Many entrepreneurs and would-be entrepreneurs realize the great income potential from a home business. But, to be truly successful in a particular home business, an entrepreneur must face several decision-making processes that will affect certain aspects of the home business. Two of the most important aspects of the home business are its structure and its entity.

Home Business Structure

The home business structure refers to how an entrepreneur will conduct his income-earning activities. There are two major choices for the entrepreneur:

  1. Retailing
    The entrepreneur simply sells certain products and services, via the Internet. For example, an entrepreneur will sell fantasy-inspired designs for t-shirts and mugs.
  2. Networking
    The entrepreneur creates an organization or a sales force from which he gets leverage. For example, an entrepreneur will recruit three people who will sell a certain food supplement. In one week, these three recruits (also called down-lines) can sell 12 bottles of the food supplement, a feat that could not be accomplished by one person alone.

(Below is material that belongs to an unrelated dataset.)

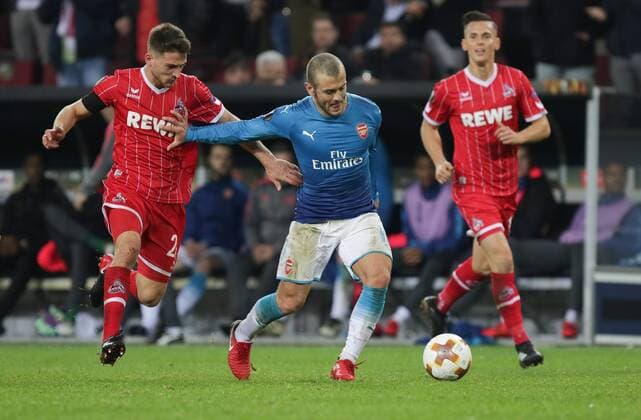 Koeln Rhein Energie Stadion 13 02 2016 Football UEFA Europa League FC Koeln FC Arsenal Bild li Salih Özcan FC Cologne 20 re Jack Wilshere FC Arselnal 10 Copyright: HMBxMedia ThomasxJäger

Of the two structures, retailing requires less social skills. But networking can bring in a potentially higher income. If an entrepreneur decides to have a networking structure, the best home business tip is to first research and study publications about networking or network marketing. Of course, an entrepreneur may set up a business which can do both retailing and networking.

Home Business Entity

The home business entity refers to the ownership of the home business. It may be sole proprietorship, partnership, or corporation. Each have their own advantages and disadvantages. To help a new entrepreneur (especially one with no commerce background), here are brief descriptions of the various business entities:

  • Sole proprietorship – The home business is owned by one person.

    • Advantages:

      • Freedom to make all decisions
      • Simple organization
      • Complete profits
    • Disadvantages:

      • Limited capital
      • Unlimited liability of the owner
  • Partnership – The home business is owned by two or more persons who agreed to work together as co-owners and share the profits of the business.

    • Advantages:

      • Combination of talents, skills, and abilities
      • Larger capital when compared to sole proprietorships
      • Easier to organize when compared to corporations
    • Disadvantages:

      • Divided authority
      • Unlimited liability of the partners
  • Corporation – The home business is owned by an artificial and intangible entity which is managed by a group of people. These people have stock shares in the corporation.

    • Advantages:

      • Attractive to investors who will provide greater capital
      • Easy to expand and to transfer ownership
      • Limited liability of the stockholders
    • Disadvantages:

      • High maintenance expense
      • High tax on the capital stock

Deciding which entity is best can make the entrepreneur smoothly conduct his business. But before making a decision, it will be beneficial to the entrepreneur and his home business to first consult an accountant, or a lawyer, or any reliable and competent business professional.